• [Exercise]:
After locating "Au lac à la", return its line and all lines that follow through the end of the listing below, exactly; leave out pictures.

• [Stored data]:
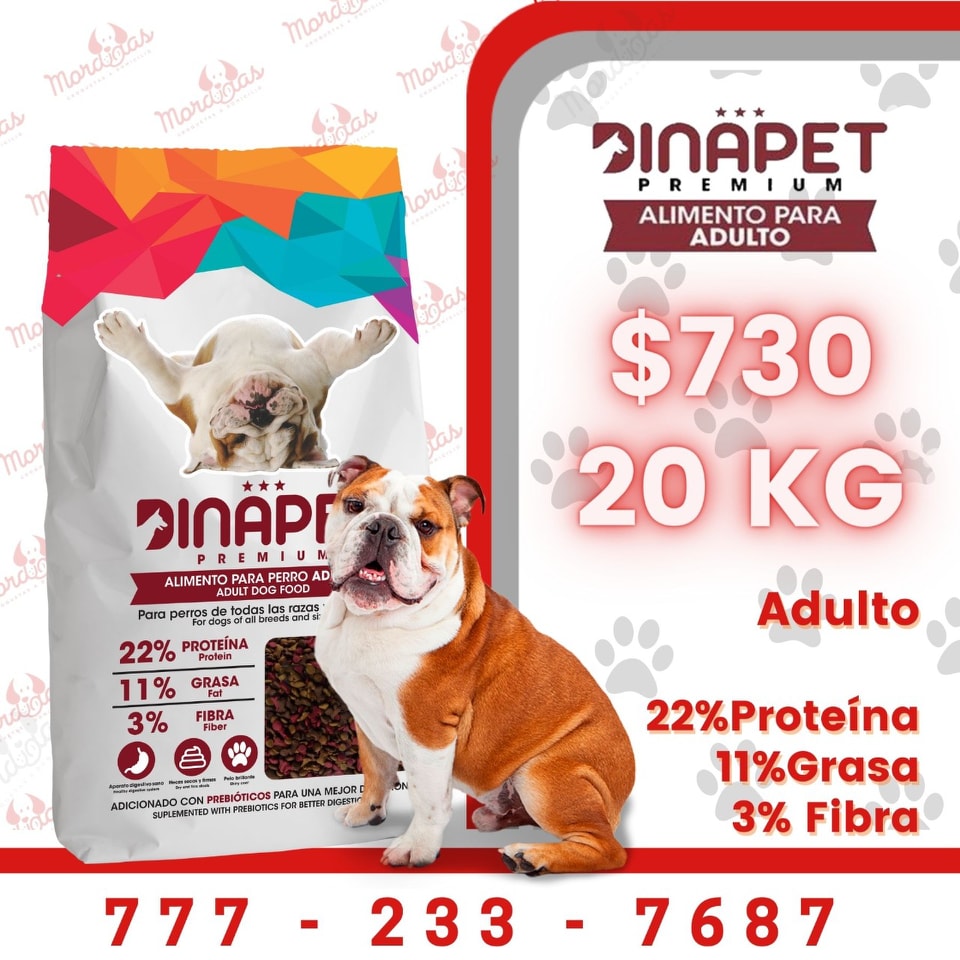 Dinapet Premium adulto 20 kg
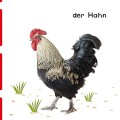 Фото Erste Reime-erste Bilder. Tiere auf dem Bauernhof 3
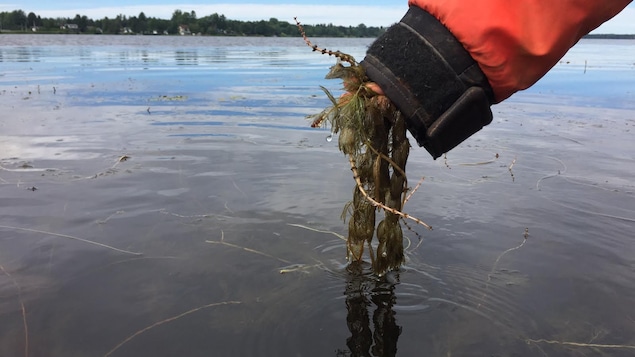 Au lac à la Tortue, par endroits, il suffit de plonger sa main dans l'eau pour arracher des boutures de myriophylle à épi.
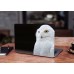 Наклейка на ноутбук - White Owl Наклейка на ноутбук - White Owl
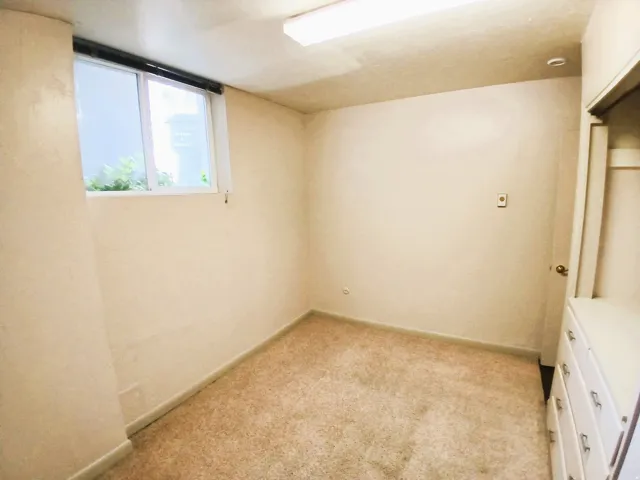 Carpeted flooring with a white-framed window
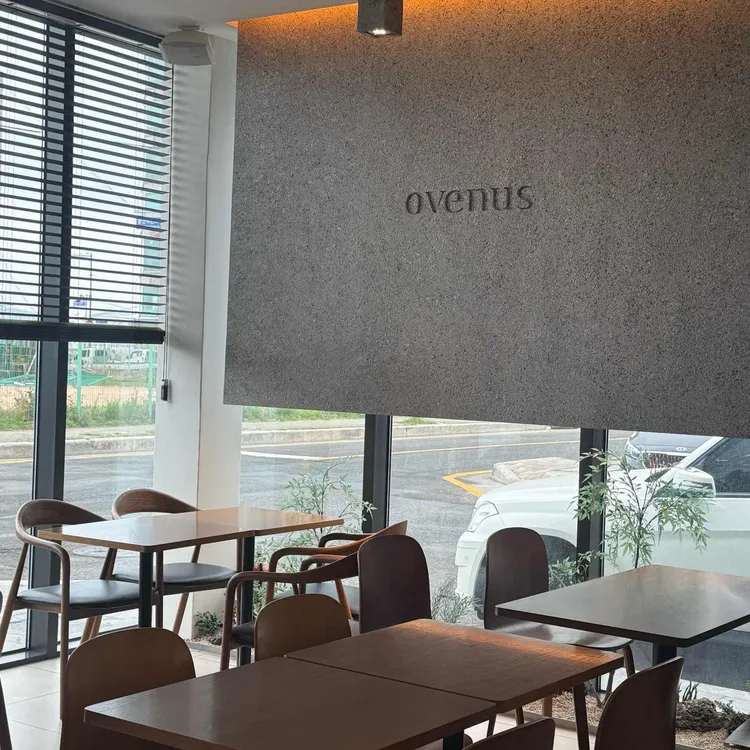 오브너스 대표 사진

• [Solution]:
 Au lac à la Tortue, par endroits, il suffit de plonger sa main dans l'eau pour arracher des boutures de myriophylle à épi.
 Наклейка на ноутбук - White Owl Наклейка на ноутбук - White Owl
 Carpeted flooring with a white-framed window
 오브너스 대표 사진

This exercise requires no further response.